1. M. A..., adjoint administratif du ministère de la défense a été affecté, le 15 septembre 2013, à la direction de l'exploitation et de la logistique pétrolières interarmées (DELPIA) de Nancy. Le 1er mars 2017, il a demandé sa mutation sur un poste d'agent de sécurité et des moyens généraux au sein de l'ambassade de France à Washington. Par une décision expresse du 31 mars 2017, le sous-directeur de la mobilité et du recrutement a refusé de faire droit à sa demande de mutation. Le 5 mai 2017, M. A... a déposé un recours gracieux à l'encontre de cette décision de refus, en y joignant une demande indemnitaire préalable pour un montant total de 477 000 euros. M. A... relève appel du jugement du 13 juin 2019 par lequel le tribunal administratif n'a fait que partiellement droit à ses demandes en condamnant l'Etat à lui verser une somme de 500 euros en réparation du préjudice moral qu'il a subi, motif retenu que les courriels des 14 février et 28 février 2017 constituaient des assurances données à l'intéressé quant à ses perspectives de mutation à Washington. Par la voie d'un appel incident, la ministre des armées demande l'annulation du jugement du 13 juin 2019 en tant qu'il a parfaitement fait droit à la demande de M. A....

Sur la recevabilité des conclusions relatives à la demande de communication de plusieurs documents administratifs :

2. Aux termes de l'article L. 342-1 du code des relations entre le public et l'administration : " La Commission d'accès aux documents administratifs émet des avis lorsqu'elle est saisie par une personne à qui est opposé un refus de communication d'un document administratif en application du titre Ier, un refus de consultation ou de communication des documents d'archives publiques, à l'exception des documents mentionnés au c de l'article L. 211-4 du code du patrimoine et des actes et documents produits ou reçus par les assemblées parlementaires, ou une décision défavorable en matière de réutilisation d'informations publiques. / La saisine pour avis de la commission est un préalable obligatoire à l'exercice d'un recours contentieux ".

3. Il est constant que par deux courriels en date des 13 et 22 mars 2017, M. A... a demandé à son employeur que lui soient communiqués les procès-verbaux des réunions COCA du 17 janvier et 21 février 2017 ainsi que " la liste nominative des personnes qui ont postulé pour le poste d'agent de sécurité de défense et moyens généraux à Washington " et " la note ou les documents officiels qui font état de votre politique de gestion interne très récente ". Il est également constant que M. A... n'a pas contesté la décision implicite de refus de communication née du silence gardé par l'administration auprès de la commission d'accès aux documents administratifs comme les dispositions susvisées de l'article L. 342-1 du code des relations entre le public et l'administration lui en faisaient l'obligation. La saisine pour avis de cette commission étant un préalable obligatoire à l'exercice d'un recours contentieux, M. A... n'est, en tout état de cause, pas recevable à contester directement devant le juge administratif le refus de communication qui lui a été opposé et, par voie de conséquence, à demander sur le fondement de l'article L. 911-1 du code de justice administrative, à ce qu'il soit enjoint à l'Etat de produire les documents précités. En outre, à supposer que M. A... ait entendu demander à la cour d'ordonner une mesure d'instruction tendant à la communication des documents précités, le prononcé d'une telle mesure relève du pouvoir propre du juge. Or, il n'apparaît pas utile en l'espèce de procéder à la demande de communication ainsi formulée.
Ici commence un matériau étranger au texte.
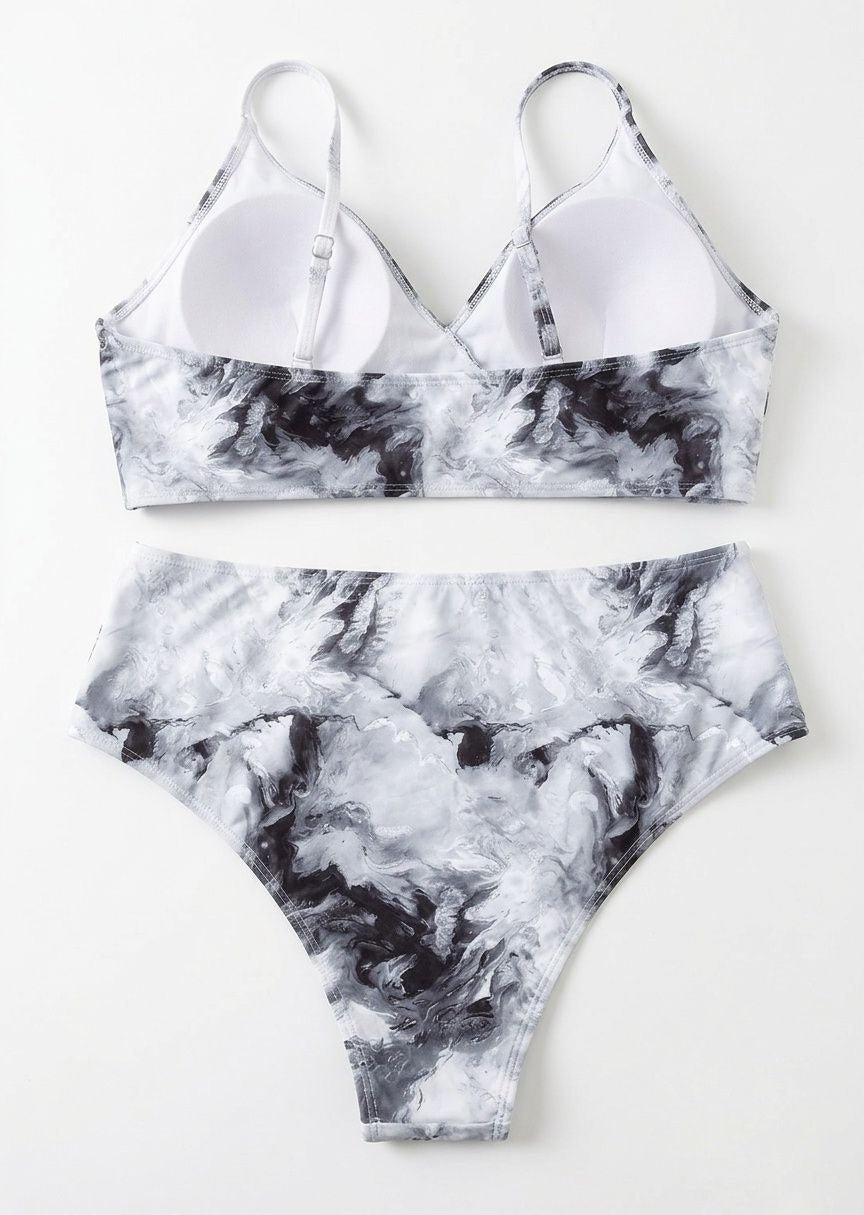 SHEIN Marble Print Surplice High-Waisted Bikini Set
Sur les conclusions indemnitaires :

4. Il résulte de l'instruction que M. A... a manifesté le souhait de postuler sur un poste de permanent à l'étranger d'agent de sécurité de défense et moyens généraux, ouvert par la direction générale de l'armement à Washington à l'été 2017. Il a ainsi eu, au cours du mois de décembre 2016, plusieurs échanges avec M. C..., chef de la section administration-acquisitions de l'Ambassade de France à Washington puis avec Mme D..., chargée de la mobilité des personnels en poste à l'étranger au ministère de la défense. Le 23 janvier 2017, M. C... a adressé au requérant un courriel lui indiquant que " sa candidature était retenue " par la division de la cohérence capacitaire (COCA). Le 14 février 2017, Mme D... a informé M. E... la validation de sa demande de mutation et lui a précisé qu'une fois la date de la mutation donnée, il devait " faire la demande de mutation selon la procédure DRH-MD en vigueur en mettant en copie les chefs hiérarchiques directs prenants et cédants ". Par un deuxième courriel du 28 février 2017, envoyé au requérant à 9 heures 56, Mme D... lui a indiqué que " le COCA du 21 février 2017 a entériné la date de votre prise de fonction au 9 juillet 2017 sur le poste d'agent de sécurité de défense et moyens généraux à Washington (...). Vous pouvez donc dès maintenant faire par le biais de votre service gestionnaire votre demande de mutation selon la procédure DRH-MD en vigueur en mettant en copie les chefs hiérarchiques ". Toutefois, par un courriel du même jour envoyé à 18 heures 46, Mme D... a informé l'intéressé de l'annulation de sa " demande de mutation ", en raison d'une " politique de gestion interne très récente ". Il lui sera ensuite précisé dans la décision de refus de mutation du 31 mars 2017 que " des circonstances imprévisibles liées à l'apparition de contraintes nouvelles sur les effectifs de niveau 3 à la DGA ont rendu nécessaires des arbitrages par la direction de rattachement (Direction des opérations) affectant notamment le pourvoi du poste sur lequel vous vous étiez porté candidat. Ces circonstances ont conduit à répondre au besoin en recourant à un personnel de niveau 2 (secrétaire administratif) déjà sur place, dans le cadre d'une réorganisation locale du service. ".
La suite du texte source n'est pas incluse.